# Firearms of TLF - What's your EDC?



## SGrabs33 (Feb 13, 2017)

Wondering what people have for EDC. I'm in the market for a new EDC so wanted to see what everyone carries.


----------



## dfw_pilot (Jan 28, 2017)

Shield 9mm


----------



## Ware (Jan 28, 2017)

SGrabs33 said:


> Wondering what people have for EDC. I'm in the market for a new EDC so wanted to see what everyone carries.


S&W Bodyguard 380 (pocket)
S&W J-Frame (ankle)
Sig P365 (IWB)

I used to be a big M&P Shield fan, but I'm really liking the ergos and capacity (10+1) of the Sig P365.


----------



## SGrabs33 (Feb 13, 2017)

Nice @dfw_pilot and @Ware. I want to check out that shield the next time I go to the range.
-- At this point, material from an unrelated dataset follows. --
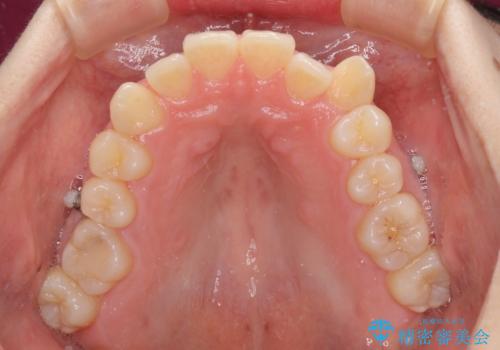 狭い歯列を拡大　拡大装置を併用したインビザライン矯正の治療中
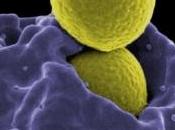 INFECTION PLAIES: Evitons bactéries trop s'attacher cellules PLoS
I like the ergonomics of the 365 also but it just feels so small to me. My pinky and ring finger don't fit well or at all on the grip. I thought then the 365XL would be a good option but it's really just a longer barrel. The guy at the gun shop the other day said I might as well just get the regular 365 with the extended mag so my hand could fit. Kinda made sense.

The range was way backed up the other day when I went. I need to get over there to rent those ones and other that's are recommended.

Thanks for your input!


----------



## dfw_pilot (Jan 28, 2017)

Longer mags are harder to conceal, *sometimes*. Smaller guns are cool but often harder to shoot well. I think you are smart to try several first. And don't be timid of trying something larger like a G19. Keep us in the loop!


----------



## Ware (Jan 28, 2017)

SGrabs33 said:


> Nice @dfw_pilot and @Ware. I want to check out that shield the next time I go to the range.
> 
> I like the ergonomics of the 365 also but it just feels so small to me. My pinky and ring finger don't fit well or at all on the grip. I thought then the 365XL would be a good option but it's really just a longer barrel. The guy at the gun shop the other day said I might as well just get the regular 365 with the extended mag so my hand could fit. Kinda made sense.
> 
> ...


I forgot you're a giant. There is a 12+1 extended mag for the P365, and the P365XL uses a 12-round mag, so the grip is a little taller. Here is a nice comparison graphic, courtesy of Clinger Holsters:


----------



## SGrabs33 (Feb 13, 2017)

@Ware :lol: thanks for the graphic. Figure I could probably get away with concealing a little bigger gun since I'm a giant.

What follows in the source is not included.